Pegg was alluding, of course, to the four big controversies that have spilled into the mainstream — the allegedly racist or sexist complaints about (a) Ahmed Best‘s performance as Jar-Jar Binks in Star Wars: The Phantom Menace, (b) John Boyega in the Star Wars sequel trilogy, (c) Kelly Marie Tran in The Last Jedi and The Rise of Skywalker, and, most recently, (d) Moses Ingram as Reva Savander in Obi-Wan Kenobi, the Disney + series.

These episodes may have partially been driven by flat-out racism, and that’s appalling. Negative reactions to Boyega may have qualified in this regard.
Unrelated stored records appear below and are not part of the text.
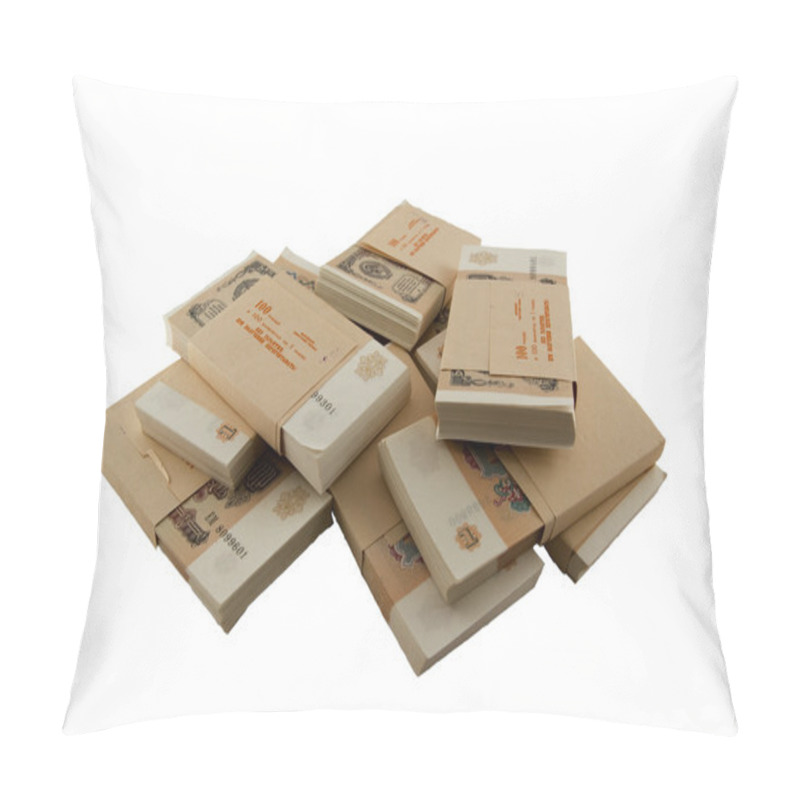 Personality  Packs Of The Soviet Rubles Pillow Covers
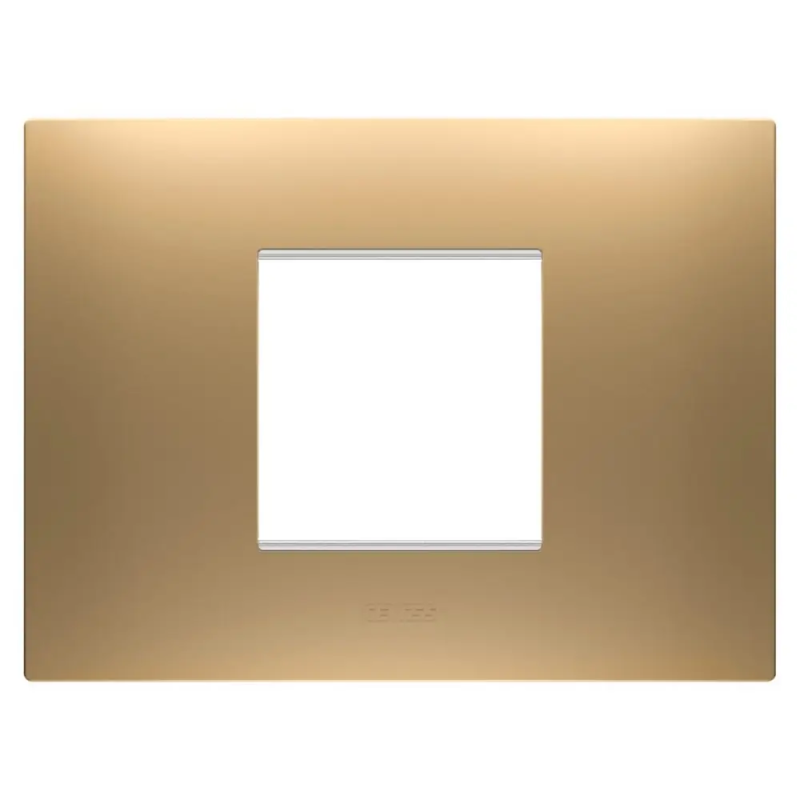 PLACCA EGO 2P ORO - Gewiss GW16002SG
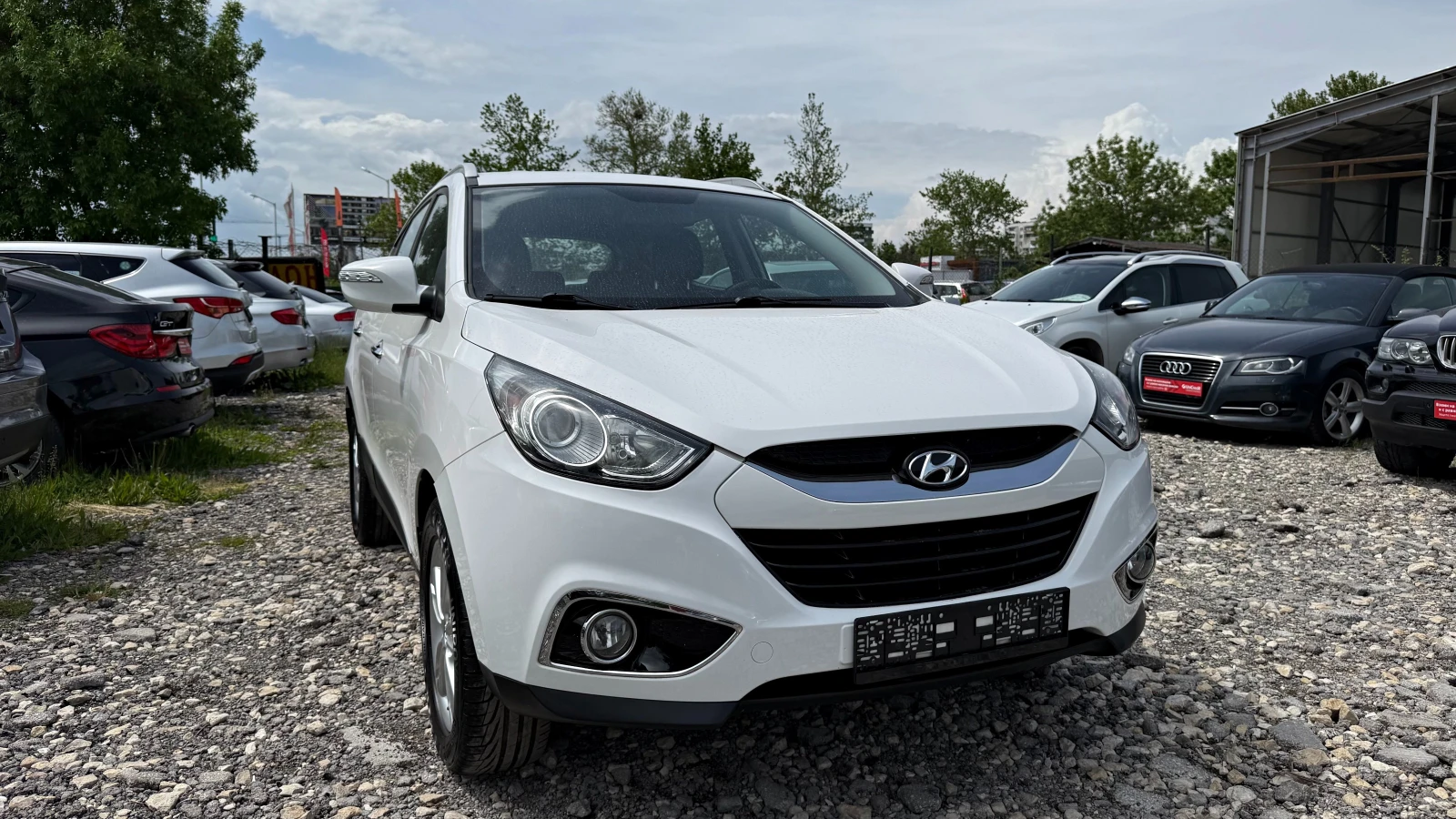 Hyundai IX35 2.0CRDI , снимка 2 - Автомобили и джипове - 54620451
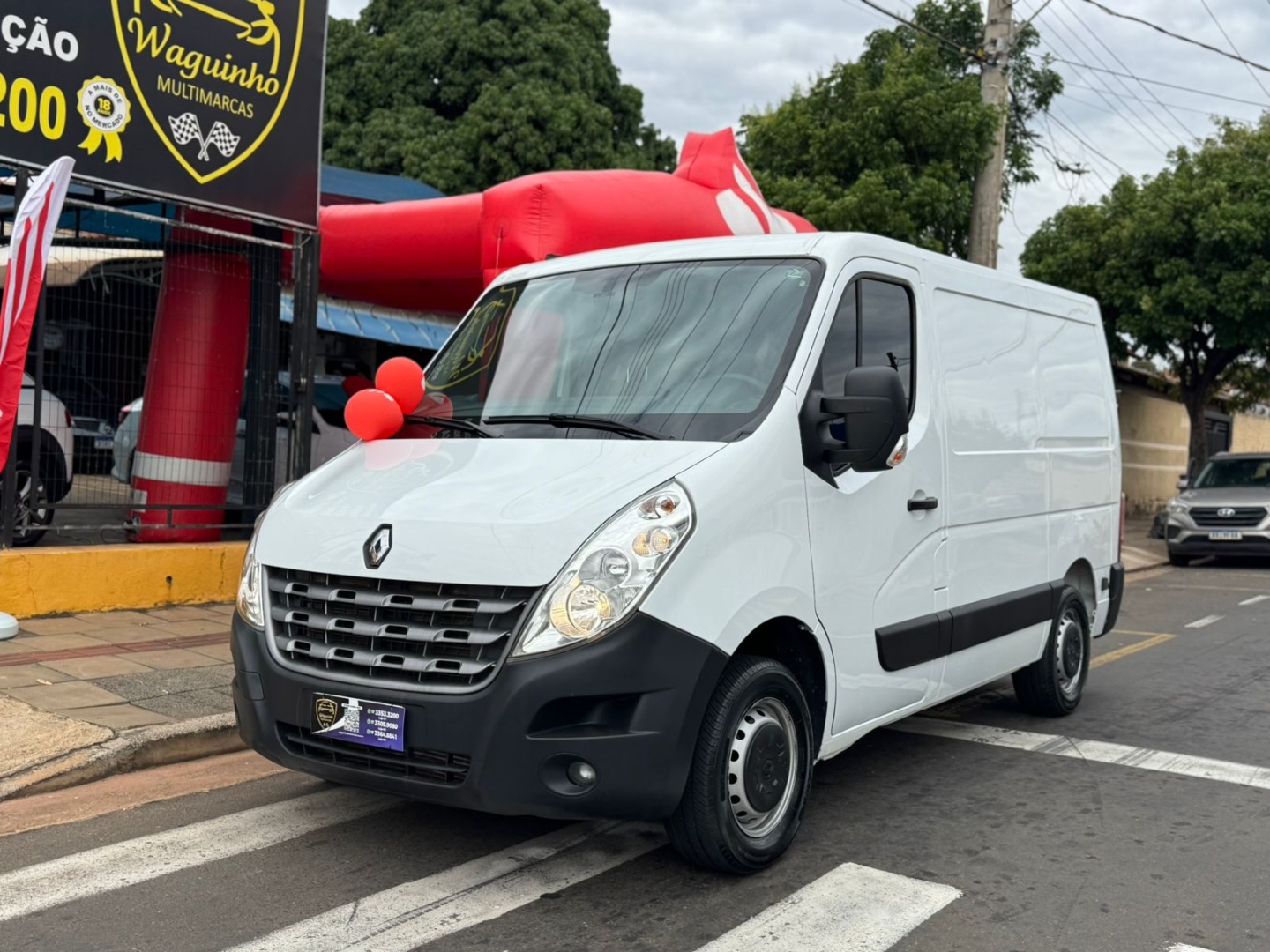 RENAULT MASTER 2.3 DCI DIESEL FURGÃO L1H1 3P MANUAL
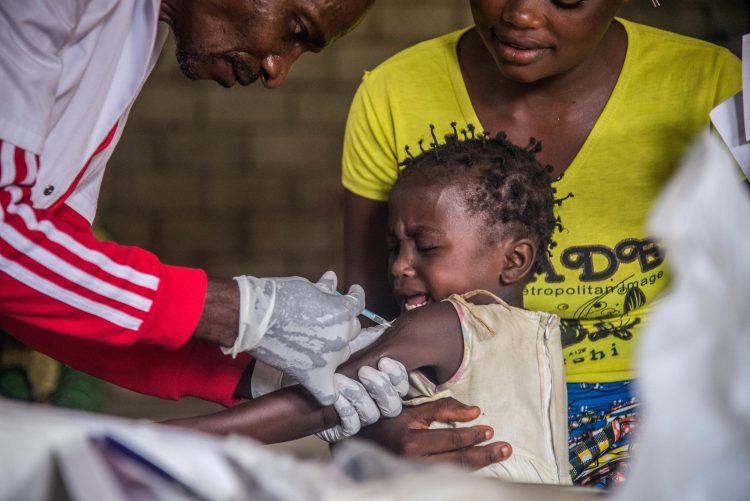 Letal epidemia de sarampión en República Democrática del Congo
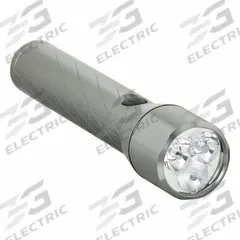 ENERGIZER Rechargeable Flashlight: Rechargeable, 1,200 lm, 4 hr Run Time at Max. Brightness, Silver (MPN ENPMHRL7). Key specifications — Charger Style Included: USB Cord; Brand: ENERGIZER; Battery Requirements - Broad: Includes Rechargeable.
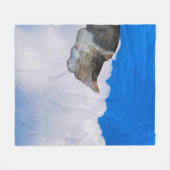 Kleiner Engel Fleecedecke (Vorderseite (Horizontal))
But the revulsion toward Jar-Jar Binks was about the conception –the character, the dopey voice, the dialogue. The wrath wasn’t directed at Best but the ogre known as George Lucas.

I never had the slightest problem with Kelly Marie Tran‘s performance as Rose Tico, but those who complained were less focused on her Asian heritage (who cares?) and more about her weight — the fans didn’t like the idea of a chubby Star Wars protagonist.

And the complaint about Ingram wasn’t about her ancestry but about her Baltimore street accent, which didn’t fall in line with the crisp British speech patterns of previous Imperial villains.

“I’ve apologized for the things I said about, you know, Jar Jar Binks,” Pegg told SiriusXM’s Jim Norton and Sam Roberts. “Because, of course, there was a fucking actor involved. [Best] was getting a lot of flack and…it was a human being. And because it got a lot of hate, he suffered, you know, and I feel terrible about being part of that.”

Again — it was Jar-Jar, not Best, that people loathed.

Pegg: “There’s no sort of like, ‘Oh, you’re suddenly being woke.’ No Star Trek was woke from the beginning, you know? This is massively progressive. Star Wars suddenly there’s, there’s a little bit more diversity and everyone’s kicking off about it. And it’s…it’s really sad.”